#### WHAT THE EXERCISE ASKS
The material below contains a line with "WN_3772-0036" and a line with "Image de Accouplement". Copy exactly those two lines and all lines between them.

#### INFORMATION SUPPLIED
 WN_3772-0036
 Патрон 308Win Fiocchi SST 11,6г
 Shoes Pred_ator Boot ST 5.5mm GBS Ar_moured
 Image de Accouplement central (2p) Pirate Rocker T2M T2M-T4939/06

==

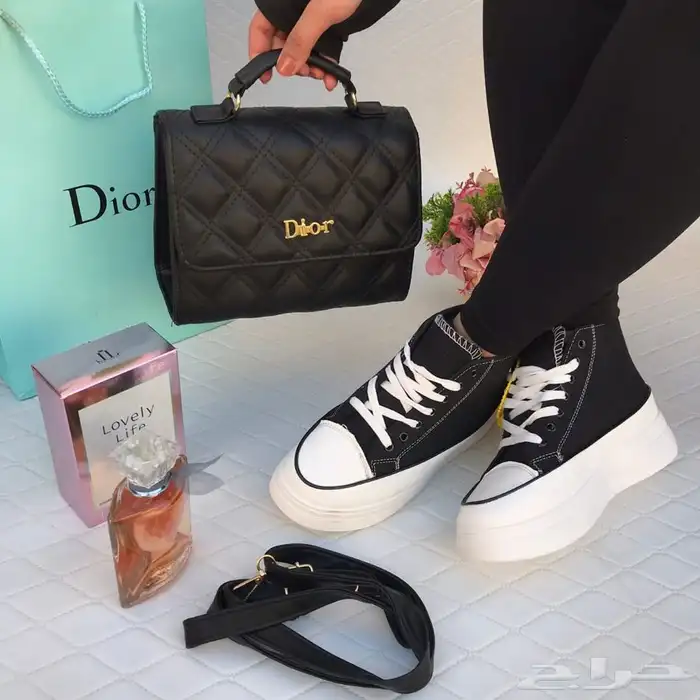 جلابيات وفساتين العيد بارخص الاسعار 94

#### REPLY TO THE EXERCISE
 WN_3772-0036
 Патрон 308Win Fiocchi SST 11,6г
 Shoes Pred_ator Boot ST 5.5mm GBS Ar_moured
 Image de Accouplement central (2p) Pirate Rocker T2M T2M-T4939/06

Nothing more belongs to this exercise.